Of course, there are always use cases where you want a solution that can be run fully on-prem or specific bespoke behavior in the database/API-layer beyond the capabilities in the platform. If you need those things, then you should probably look elsewhere than Sanity.io, and Payload might be an excellent choice.


any chance the website itself is open source? i'd love to see how Payload uses Payload.


Not yet. When we built the site, Payload's licensing and business model was built around a SaaS model, and was all baked into Payload's frontend. Of course, it does use Payload on the backend (including the entirety of our old SaaS billing infra) but for those reasons, we did not open-source it.

However, v2 is coming and that will 100% be open-source!


This is welcome, great launch James.

I'm constantly looking about for a new CMS system, either Strapi, Wordpress, etc, how does PayloadCMS compare to these?

What is PayloadCMS's killer feature?


Thank you!

WP is a blogging platform from the early 2000's that still uses many of the same code conventions that it started with. It does have a REST API, and you can extend it with plugins to work as a headless CMS, but it's riddled with inefficiencies and is truly a great example of why most devs would not think to reach for a CMS if they were building a SaaS app. Can you build a SaaS app with WP? Sure. Should you? Absolutely not. WP is good for its plugins and themes, but for anything more robust, it falls apart.

Strapi is a contender that is quite similar to Payload but they have a mixed focus on "GUI-based" logic and code-based logic. You design your content models with a GUI, and access control is highly limited to a typical RBAC pattern. Where in Payload, everything -starts with code-. You can version control your schema, because it's all just a config. Deploy to other environments (stage, prod, etc) with ease. Use and re-use functions across different collections. Even access control is handled beautifully with functions in Payload, and is significantly more powerful than RBAC.

I'd say our killer feature though is the simplicity, yet robustness of our admin UI. We have many features that Strapi does not have - like field conditional logic (Check a checkbox field, see more fields. Uncheck checkbox, those fields go away). Our admin UI is also completely extensible. You can create custom field types easily just by importing React components and passing them to a field config - then boom, your React component appears in the admin UI rather than the built-in component. It's intensely powerful.

There's a lot more, but these are just a few quick points. I've been using headless WP for ~6 years, and I've always liked the idea of Strapi, but never trusted it enough to hit production. That's why we built Payload.
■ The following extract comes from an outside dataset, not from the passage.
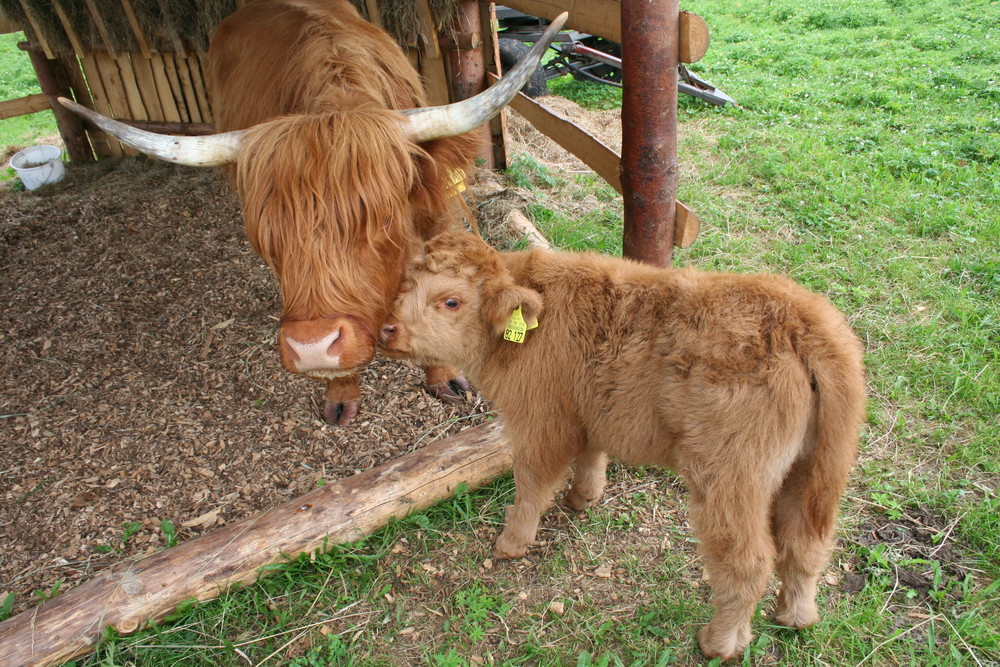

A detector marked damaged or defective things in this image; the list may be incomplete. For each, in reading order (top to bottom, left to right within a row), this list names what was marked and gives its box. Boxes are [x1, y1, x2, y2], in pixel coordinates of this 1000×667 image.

rusty metal pole [620, 0, 676, 266]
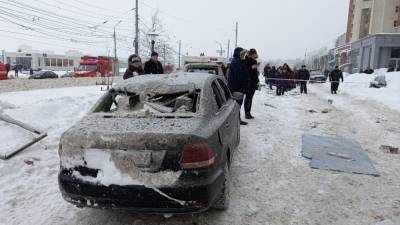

What you describe sounds similar to Statamic. The config and even the content is yaml files, and the admin UI is also quite extensible. But I always wish it was easier to change stuff with code in Statamic, so maybe that's where Payload shines.


Nailed it.

Payload's config is straight up TypeScript. Import a React component, pass it to your config, and boom — it shows up in your admin UI.

Everything is written like that and this is certainly where we shine!


Hi James,

I'm really excited about V1 release of Payload, as well as the open sourcing of the project. I've wanted to use it in a project for a while and this news is definitely going to push me over the edge. I'm a huge fan of the typescript first approach, as well as local mode, and the thought that went into adding custom blocks and components.


Ahh thank you! You cherry-picked my favorite parts about Payload. So much went into having a proper custom block-based field type. That in specific is something that every single project I build has always needed and this is only the start. We have a lot of ideas that are going to take our blocks field to the next level.


Congratulations and great idea! What's your roadmap or appetite for pay-for-features? For example, what would be involved in hiring your team to improve a specific area or two?


This is hugely important to us. For features that belong in the core, we point people to GitHub Discussions (https://github.com/payloadcms/payload/discussions) and more often than not, we are pretty fast to green light / build certain features for free. Our community has also been straight up amazing in this regard.

But if you've got something more significant that you'd like a hand with, we'd be happy to chat. Sounds great!


Great site and product. How will you monetize this? An obvious way is to offer a hosted version of the product on a subscription basis, but that doesn't seem to be possible in this case considering the whole value prop is to embed this in your own server.


In my original post, I've outlined our monetization strategy at a high level. And cloud hosting is certainly an aspect of our approach.

It's true that some will self-host Payload, and that's awesome. But look at NextJS - you can self-host NextJS as well, but most people go to Vercel. Hosting a CMS is quite a bit more complicated than a static site or a set of serverless functions, because you need to have a database and permanent file storage as well. Payload will provide all of that out of the box with a one-click Git integration.

Our users thus far have been telling us that they struggle with cobbling together vendors and wish that this was easier, so we're building Payload Cloud as a result.

One other aspect of Payload Cloud is that even though we -provision- the infrastructure for you, you'll always have access to it. You'll be able to connect to your DB, back it up, export it, etc. This is all in the works now!


Congrats on the launch. I saw payload here on HN a few months ago. Good seeing it again.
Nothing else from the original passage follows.